In the original protocol (IKEv1), you indeed cannot. (Though it's not strictly true that it always uses a PSK – certificates are preferred, and do allow distinguishing users by the certificate's metadata.)

This omission was solved in several different ways:

  1. Cisco added a custom modification for their "IPsec VPN" to allow user/password authentication as a second step (and I think they renamed the PSK to "Group key").
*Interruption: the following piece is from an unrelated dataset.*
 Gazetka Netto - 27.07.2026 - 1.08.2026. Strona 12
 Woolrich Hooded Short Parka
That's the "Xauth" option in your router.

    I'm not sure what apps you'd use to connect to Xauth VPNs from Windows (there's strongSwan on Linux and Android).
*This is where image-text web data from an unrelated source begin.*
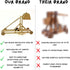 PATHFINDERS Trebuchet Kit - Building Toys, Medieval Weapons, Wooden Craft Kit, STEM Toy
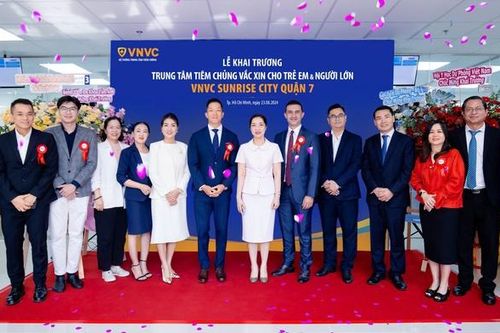VNVC khai trương Trung tâm Sunrise City mới tại TPHCM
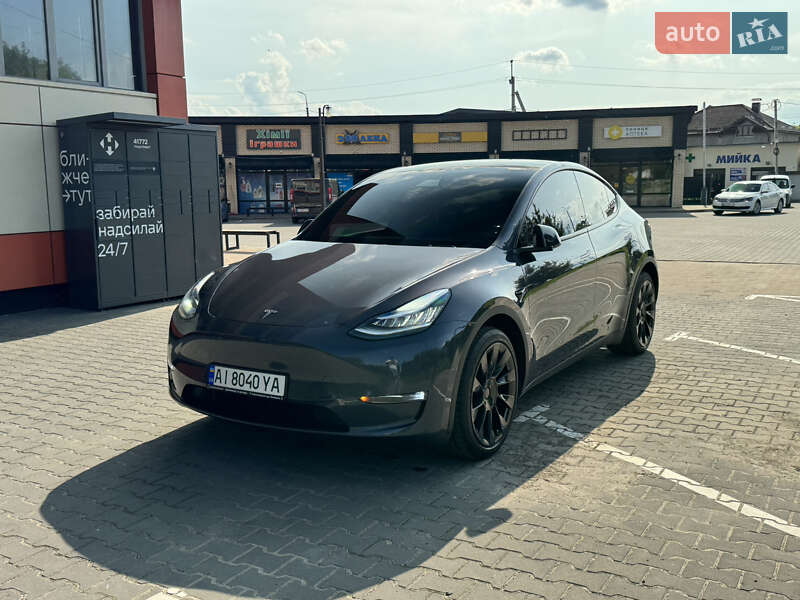 Tesla Model Y 2020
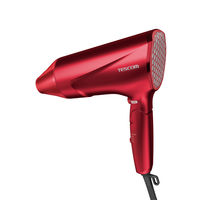 ヘアドライヤー ハイパワー 大風量 大風圧 風量3段階/風温2段階 レッド TD570A-R テスコム 1個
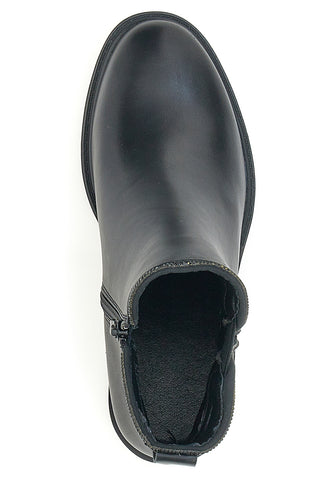 Schwarze Stiefeletten mit Absatz Energy 187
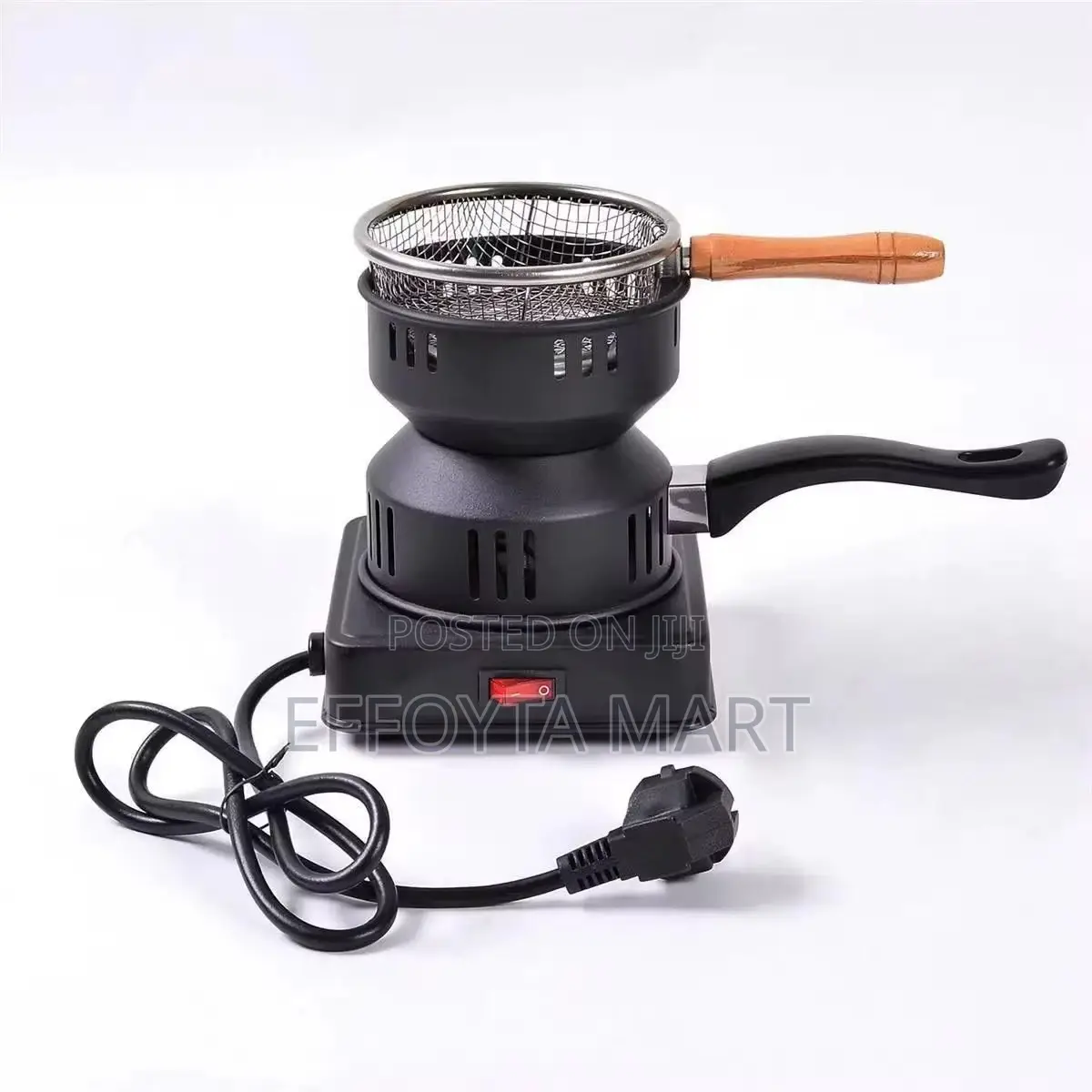 Electric Charcoal Burner ከሰል ማቀጣጠያ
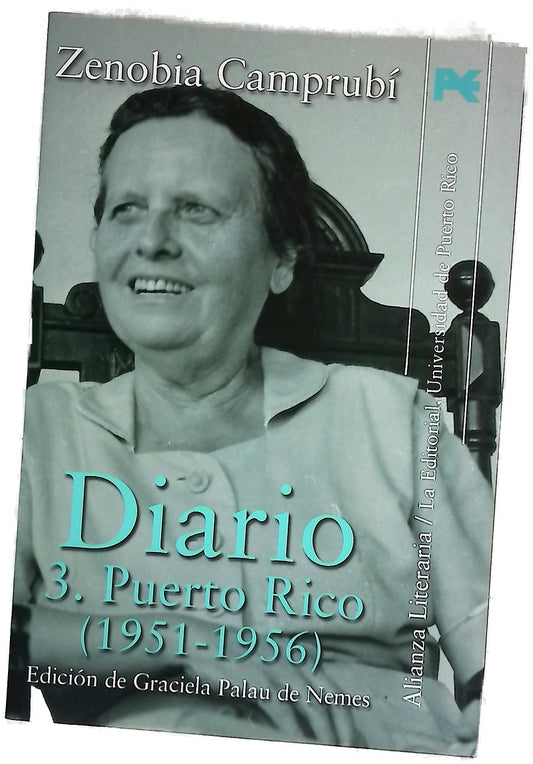 Diario 3. Puerto Rico (1951-1956)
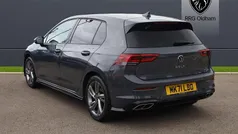 Grey Used 2021 VW Golf VIII R-line Hatchback | £17,990 (Fair price)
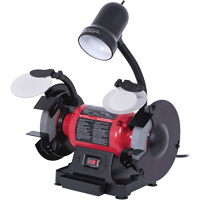 ITC 028017 IBG-8 Bench Grinder, 8" Wheel Diameter, 3/4 HP, 3450 RPM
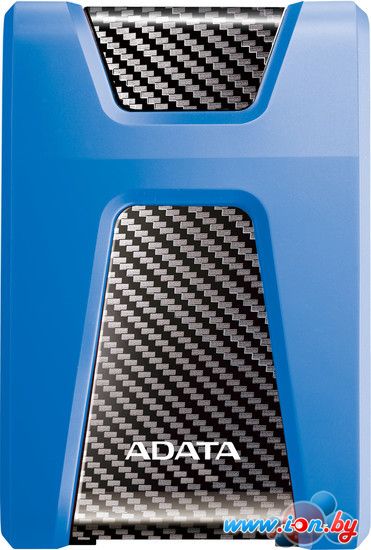 Внешний жесткий диск A-Data DashDrive Durable HD650 2TB (синий) в Гродно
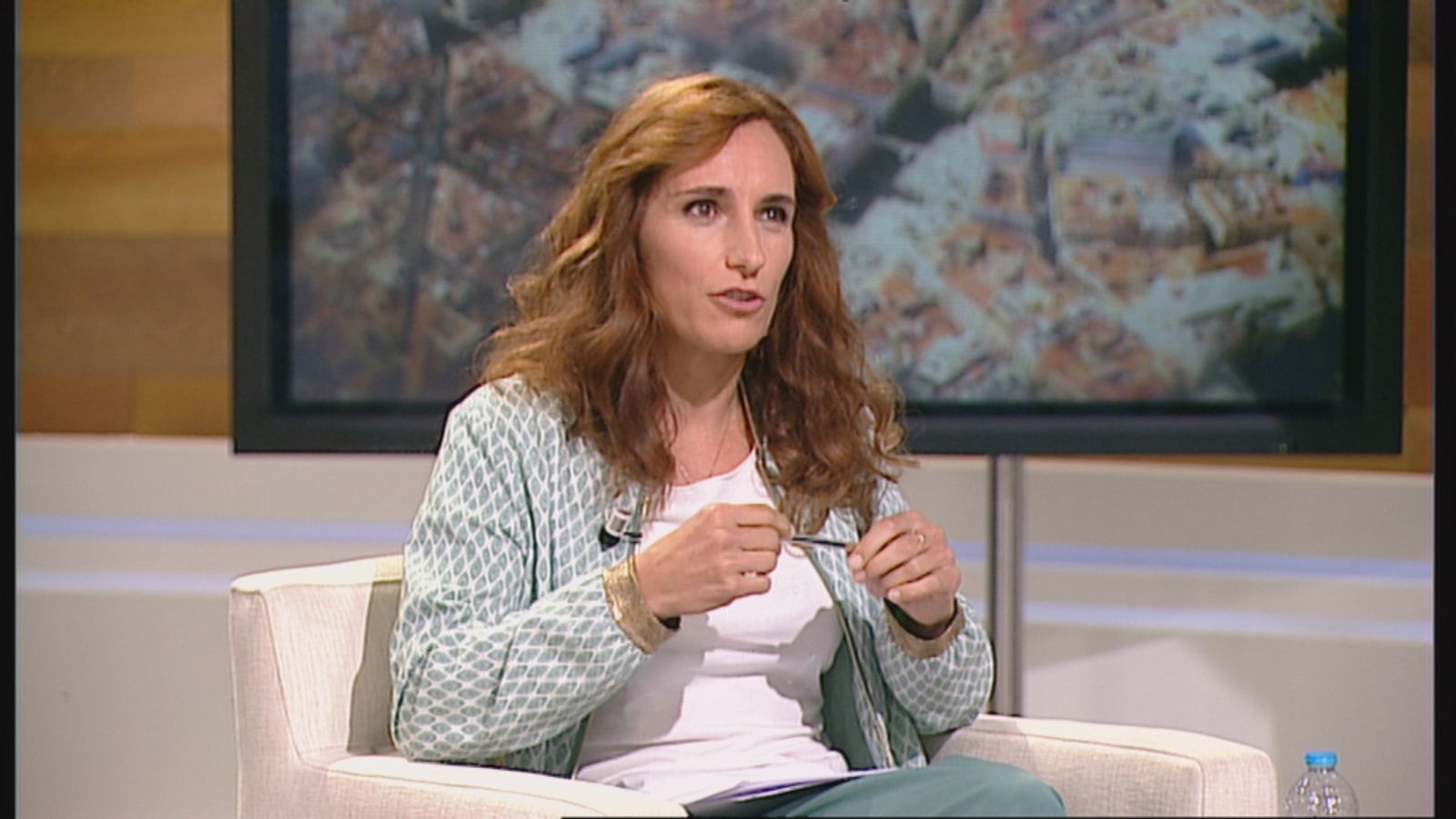 Mónica García, portavoz de Más Madrid en la Asamblea de Madrid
  2. Microsoft instead chose to tunnel another VPN protocol inside the IPsec-secured tunnel – the IPsec PSK is used to protect L2TP, which then allows performing the same PAP/MSCHAP/EAP authentication as in PP(T)P. That's "L2TP with IPsec Policy" in your router.
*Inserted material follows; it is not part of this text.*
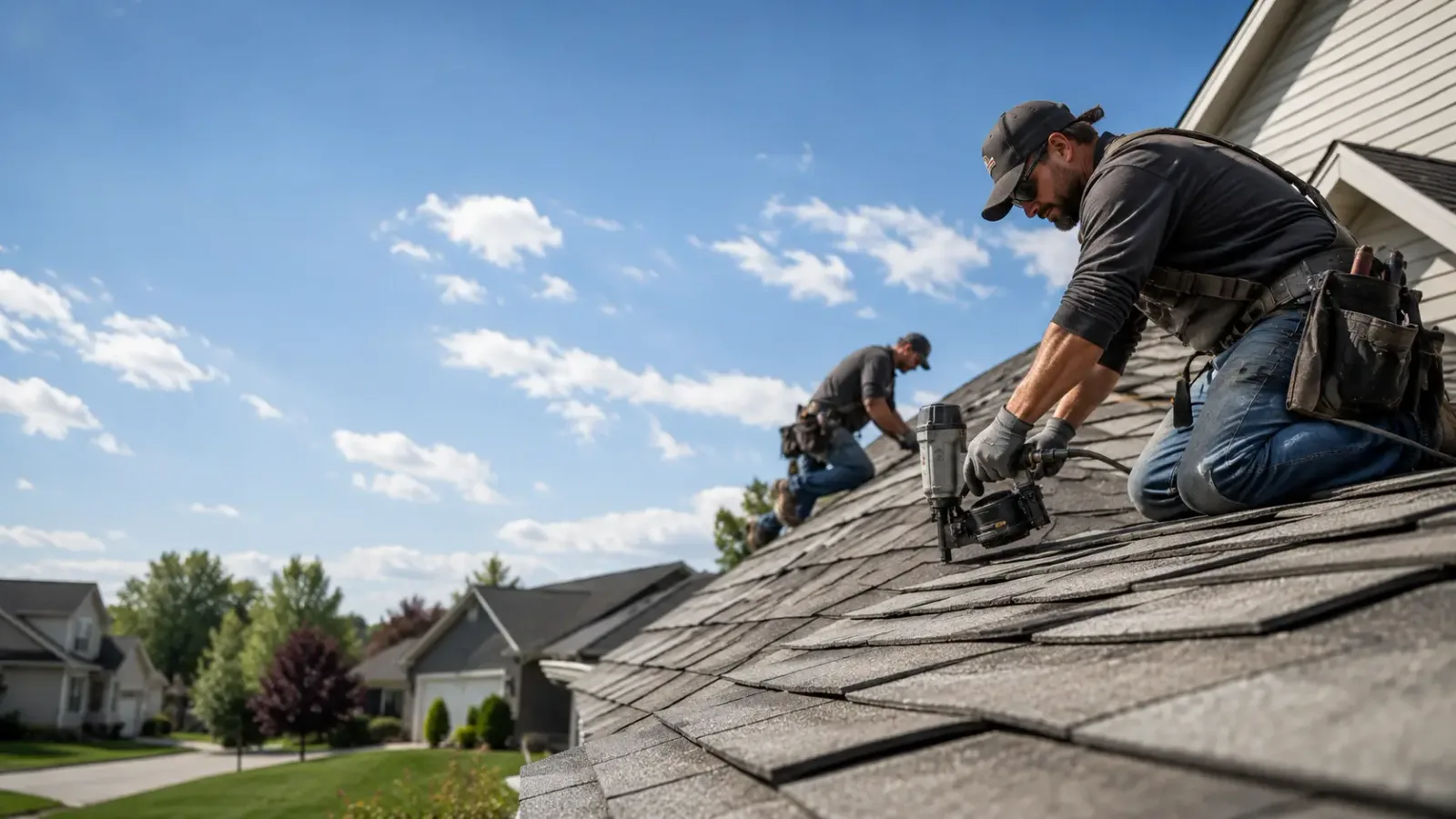 Storm Damage Roof Repair in Boomer, WV near me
    Windows has this built in, but since it's two different protocols tied together, Linux setup can get complex.

  3. Finally, the newer protocol version – IKEv2 – has built-in solutions. First, clients can send an "initiator ID (IDi)" which acts nearly as a user name; different initiators can have different PSKs (or even completely different configurations).

    Second, IKEv2 natively supports EAP auth including MSCHAPv2, which will also transmit usernames as part of EAP. (This is essentially the Xauth extension made official.)

    Windows 10+ has built-in client support for IKEv2; for Android I'd use the strongSwan app.

(Another thing missing from stock IKEv1 is automatic assignment of client IPs, which is also added by all of the above extensions.)

Would you recommend the IPsec tunnel option, or is L2TP with IPsec nice and secure? Which option does the Windows VPN client support?

IKEv2 is the modern choice, where supported – I would pick "IKEv2 EAP" if I needed different user accounts, as that's what Windows supports.

Anything that's built on IKEv1 is a bit stale, and I think the PSK in IKEv1 directly contributes to the encryption of the tunnel, so it must be strong – not a password but a random key or passphrase. Still, if set up properly, it is more secure than MPPE.

(I wouldn't worry about it using MSCHAPv2 – in all of the above modes, user authentication is done inside an already encrypted tunnel, unlike with PPTP which did it in the clear, so it could as well be just a regular password and it'd still be secure.)

and i don't think, from what i understand, SSL VPN is what i want here either

That depends. "SSL VPN" is not a single protocol, it's a very broad description for many different products that involve SSL (TLS, DTLS) as their basis, but usually in different ways. For example, Cisco AnyConnect is an "SSL VPN" product but it's not compatible with any other "SSL VPN" except itself.

In fact, Microsoft itself has a TLS-based VPN protocol – SSTP – which is natively supported by Windows and is overall fairly secure; as secure as a regular TLS connection, that is. So if you have that as an option you could certainly use it instead of IKEv2. (Though it has a small downside in that it's TCP-based; TCP-inside-TCP is not ideal.)